__TASK OBJECTIVE__
Write out every single entry exactly.

Start of EXERCISE DATA

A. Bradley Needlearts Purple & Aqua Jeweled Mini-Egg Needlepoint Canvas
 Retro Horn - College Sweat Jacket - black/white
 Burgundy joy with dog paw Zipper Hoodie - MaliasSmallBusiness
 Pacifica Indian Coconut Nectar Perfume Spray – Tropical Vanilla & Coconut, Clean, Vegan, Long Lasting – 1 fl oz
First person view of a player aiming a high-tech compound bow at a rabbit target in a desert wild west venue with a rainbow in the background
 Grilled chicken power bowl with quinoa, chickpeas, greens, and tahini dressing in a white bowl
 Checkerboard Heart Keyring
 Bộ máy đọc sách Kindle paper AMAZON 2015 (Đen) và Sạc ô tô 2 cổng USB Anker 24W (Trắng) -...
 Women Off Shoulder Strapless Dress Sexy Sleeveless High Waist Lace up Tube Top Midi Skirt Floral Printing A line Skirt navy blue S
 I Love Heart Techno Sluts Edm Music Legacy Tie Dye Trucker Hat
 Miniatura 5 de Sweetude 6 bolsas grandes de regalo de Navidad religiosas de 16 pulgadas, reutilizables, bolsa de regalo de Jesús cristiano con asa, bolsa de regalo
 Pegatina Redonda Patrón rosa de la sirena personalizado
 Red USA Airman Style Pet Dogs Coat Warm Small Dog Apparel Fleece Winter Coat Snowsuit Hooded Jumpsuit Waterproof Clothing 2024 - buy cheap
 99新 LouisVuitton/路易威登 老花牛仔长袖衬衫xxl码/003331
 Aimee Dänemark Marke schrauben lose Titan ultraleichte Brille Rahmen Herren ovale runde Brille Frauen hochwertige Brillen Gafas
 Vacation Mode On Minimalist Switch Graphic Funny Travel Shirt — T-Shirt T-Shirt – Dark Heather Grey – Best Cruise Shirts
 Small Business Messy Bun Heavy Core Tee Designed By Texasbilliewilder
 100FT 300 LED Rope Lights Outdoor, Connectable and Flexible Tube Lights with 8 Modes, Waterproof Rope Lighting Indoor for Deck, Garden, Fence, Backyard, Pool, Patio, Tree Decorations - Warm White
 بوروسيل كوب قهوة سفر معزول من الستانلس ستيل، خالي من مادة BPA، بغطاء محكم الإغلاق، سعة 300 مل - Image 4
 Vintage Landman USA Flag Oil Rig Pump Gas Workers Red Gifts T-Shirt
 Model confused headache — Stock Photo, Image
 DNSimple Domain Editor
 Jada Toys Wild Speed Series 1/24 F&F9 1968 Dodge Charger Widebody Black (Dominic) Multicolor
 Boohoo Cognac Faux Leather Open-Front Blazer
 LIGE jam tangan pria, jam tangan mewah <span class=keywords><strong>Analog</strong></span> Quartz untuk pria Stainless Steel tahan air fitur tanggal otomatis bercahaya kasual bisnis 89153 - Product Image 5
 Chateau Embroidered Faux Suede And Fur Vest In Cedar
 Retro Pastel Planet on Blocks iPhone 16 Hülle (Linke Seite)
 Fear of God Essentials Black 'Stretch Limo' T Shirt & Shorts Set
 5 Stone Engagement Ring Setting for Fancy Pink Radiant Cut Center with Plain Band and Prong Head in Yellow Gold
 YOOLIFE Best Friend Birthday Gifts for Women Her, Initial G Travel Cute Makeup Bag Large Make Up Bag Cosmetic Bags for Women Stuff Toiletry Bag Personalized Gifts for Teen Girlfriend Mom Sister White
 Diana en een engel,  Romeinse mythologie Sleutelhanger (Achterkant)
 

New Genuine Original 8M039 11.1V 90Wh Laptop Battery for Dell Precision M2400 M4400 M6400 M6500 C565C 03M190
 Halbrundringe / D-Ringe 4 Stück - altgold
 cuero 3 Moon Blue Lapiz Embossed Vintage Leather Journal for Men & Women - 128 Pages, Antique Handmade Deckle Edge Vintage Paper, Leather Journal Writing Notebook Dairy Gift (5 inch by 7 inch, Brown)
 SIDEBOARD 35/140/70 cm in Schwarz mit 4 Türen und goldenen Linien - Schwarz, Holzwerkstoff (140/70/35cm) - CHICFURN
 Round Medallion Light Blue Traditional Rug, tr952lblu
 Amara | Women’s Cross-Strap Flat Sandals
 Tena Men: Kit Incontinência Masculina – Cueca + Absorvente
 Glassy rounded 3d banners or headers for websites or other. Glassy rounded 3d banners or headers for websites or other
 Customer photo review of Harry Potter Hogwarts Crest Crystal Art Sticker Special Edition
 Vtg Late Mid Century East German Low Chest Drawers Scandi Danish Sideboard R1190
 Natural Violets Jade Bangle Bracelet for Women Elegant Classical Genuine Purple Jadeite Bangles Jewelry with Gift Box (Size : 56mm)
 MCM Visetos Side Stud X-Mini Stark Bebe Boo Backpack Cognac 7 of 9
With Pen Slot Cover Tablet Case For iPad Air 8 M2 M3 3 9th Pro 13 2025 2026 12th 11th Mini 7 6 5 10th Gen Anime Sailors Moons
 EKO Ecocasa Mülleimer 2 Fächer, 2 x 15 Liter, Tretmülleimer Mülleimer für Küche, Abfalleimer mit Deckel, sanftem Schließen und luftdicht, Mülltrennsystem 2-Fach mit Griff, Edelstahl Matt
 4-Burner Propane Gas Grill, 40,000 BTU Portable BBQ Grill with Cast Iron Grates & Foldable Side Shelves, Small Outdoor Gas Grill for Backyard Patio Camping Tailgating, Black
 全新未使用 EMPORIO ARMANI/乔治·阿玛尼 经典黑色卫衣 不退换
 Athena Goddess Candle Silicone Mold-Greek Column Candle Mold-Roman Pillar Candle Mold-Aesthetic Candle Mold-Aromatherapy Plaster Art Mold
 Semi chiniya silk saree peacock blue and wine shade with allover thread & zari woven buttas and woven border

End of EXERCISE DATA

__RESULT__
A. Bradley Needlearts Purple & Aqua Jeweled Mini-Egg Needlepoint Canvas
 Retro Horn - College Sweat Jacket - black/white
 Burgundy joy with dog paw Zipper Hoodie - MaliasSmallBusiness
 Pacifica Indian Coconut Nectar Perfume Spray – Tropical Vanilla & Coconut, Clean, Vegan, Long Lasting – 1 fl oz
First person view of a player aiming a high-tech compound bow at a rabbit target in a desert wild west venue with a rainbow in the background
 Grilled chicken power bowl with quinoa, chickpeas, greens, and tahini dressing in a white bowl
 Checkerboard Heart Keyring
 Bộ máy đọc sách Kindle paper AMAZON 2015 (Đen) và Sạc ô tô 2 cổng USB Anker 24W (Trắng) -...
 Women Off Shoulder Strapless Dress Sexy Sleeveless High Waist Lace up Tube Top Midi Skirt Floral Printing A line Skirt navy blue S
 I Love Heart Techno Sluts Edm Music Legacy Tie Dye Trucker Hat
 Miniatura 5 de Sweetude 6 bolsas grandes de regalo de Navidad religiosas de 16 pulgadas, reutilizables, bolsa de regalo de Jesús cristiano con asa, bolsa de regalo
 Pegatina Redonda Patrón rosa de la sirena personalizado
 Red USA Airman Style Pet Dogs Coat Warm Small Dog Apparel Fleece Winter Coat Snowsuit Hooded Jumpsuit Waterproof Clothing 2024 - buy cheap
 99新 LouisVuitton/路易威登 老花牛仔长袖衬衫xxl码/003331
 Aimee Dänemark Marke schrauben lose Titan ultraleichte Brille Rahmen Herren ovale runde Brille Frauen hochwertige Brillen Gafas
 Vacation Mode On Minimalist Switch Graphic Funny Travel Shirt — T-Shirt T-Shirt – Dark Heather Grey – Best Cruise Shirts
 Small Business Messy Bun Heavy Core Tee Designed By Texasbilliewilder
 100FT 300 LED Rope Lights Outdoor, Connectable and Flexible Tube Lights with 8 Modes, Waterproof Rope Lighting Indoor for Deck, Garden, Fence, Backyard, Pool, Patio, Tree Decorations - Warm White
 بوروسيل كوب قهوة سفر معزول من الستانلس ستيل، خالي من مادة BPA، بغطاء محكم الإغلاق، سعة 300 مل - Image 4
 Vintage Landman USA Flag Oil Rig Pump Gas Workers Red Gifts T-Shirt
 Model confused headache — Stock Photo, Image
 DNSimple Domain Editor
 Jada Toys Wild Speed Series 1/24 F&F9 1968 Dodge Charger Widebody Black (Dominic) Multicolor
 Boohoo Cognac Faux Leather Open-Front Blazer
 LIGE jam tangan pria, jam tangan mewah <span class=keywords><strong>Analog</strong></span> Quartz untuk pria Stainless Steel tahan air fitur tanggal otomatis bercahaya kasual bisnis 89153 - Product Image 5
 Chateau Embroidered Faux Suede And Fur Vest In Cedar
 Retro Pastel Planet on Blocks iPhone 16 Hülle (Linke Seite)
 Fear of God Essentials Black 'Stretch Limo' T Shirt & Shorts Set
 5 Stone Engagement Ring Setting for Fancy Pink Radiant Cut Center with Plain Band and Prong Head in Yellow Gold
 YOOLIFE Best Friend Birthday Gifts for Women Her, Initial G Travel Cute Makeup Bag Large Make Up Bag Cosmetic Bags for Women Stuff Toiletry Bag Personalized Gifts for Teen Girlfriend Mom Sister White
 Diana en een engel,  Romeinse mythologie Sleutelhanger (Achterkant)
 

New Genuine Original 8M039 11.1V 90Wh Laptop Battery for Dell Precision M2400 M4400 M6400 M6500 C565C 03M190
 Halbrundringe / D-Ringe 4 Stück - altgold
 cuero 3 Moon Blue Lapiz Embossed Vintage Leather Journal for Men & Women - 128 Pages, Antique Handmade Deckle Edge Vintage Paper, Leather Journal Writing Notebook Dairy Gift (5 inch by 7 inch, Brown)
 SIDEBOARD 35/140/70 cm in Schwarz mit 4 Türen und goldenen Linien - Schwarz, Holzwerkstoff (140/70/35cm) - CHICFURN
 Round Medallion Light Blue Traditional Rug, tr952lblu
 Amara | Women’s Cross-Strap Flat Sandals
 Tena Men: Kit Incontinência Masculina – Cueca + Absorvente
 Glassy rounded 3d banners or headers for websites or other. Glassy rounded 3d banners or headers for websites or other
 Customer photo review of Harry Potter Hogwarts Crest Crystal Art Sticker Special Edition
 Vtg Late Mid Century East German Low Chest Drawers Scandi Danish Sideboard R1190
 Natural Violets Jade Bangle Bracelet for Women Elegant Classical Genuine Purple Jadeite Bangles Jewelry with Gift Box (Size : 56mm)
 MCM Visetos Side Stud X-Mini Stark Bebe Boo Backpack Cognac 7 of 9
With Pen Slot Cover Tablet Case For iPad Air 8 M2 M3 3 9th Pro 13 2025 2026 12th 11th Mini 7 6 5 10th Gen Anime Sailors Moons
 EKO Ecocasa Mülleimer 2 Fächer, 2 x 15 Liter, Tretmülleimer Mülleimer für Küche, Abfalleimer mit Deckel, sanftem Schließen und luftdicht, Mülltrennsystem 2-Fach mit Griff, Edelstahl Matt
 4-Burner Propane Gas Grill, 40,000 BTU Portable BBQ Grill with Cast Iron Grates & Foldable Side Shelves, Small Outdoor Gas Grill for Backyard Patio Camping Tailgating, Black
 全新未使用 EMPORIO ARMANI/乔治·阿玛尼 经典黑色卫衣 不退换
 Athena Goddess Candle Silicone Mold-Greek Column Candle Mold-Roman Pillar Candle Mold-Aesthetic Candle Mold-Aromatherapy Plaster Art Mold
 Semi chiniya silk saree peacock blue and wine shade with allover thread & zari woven buttas and woven border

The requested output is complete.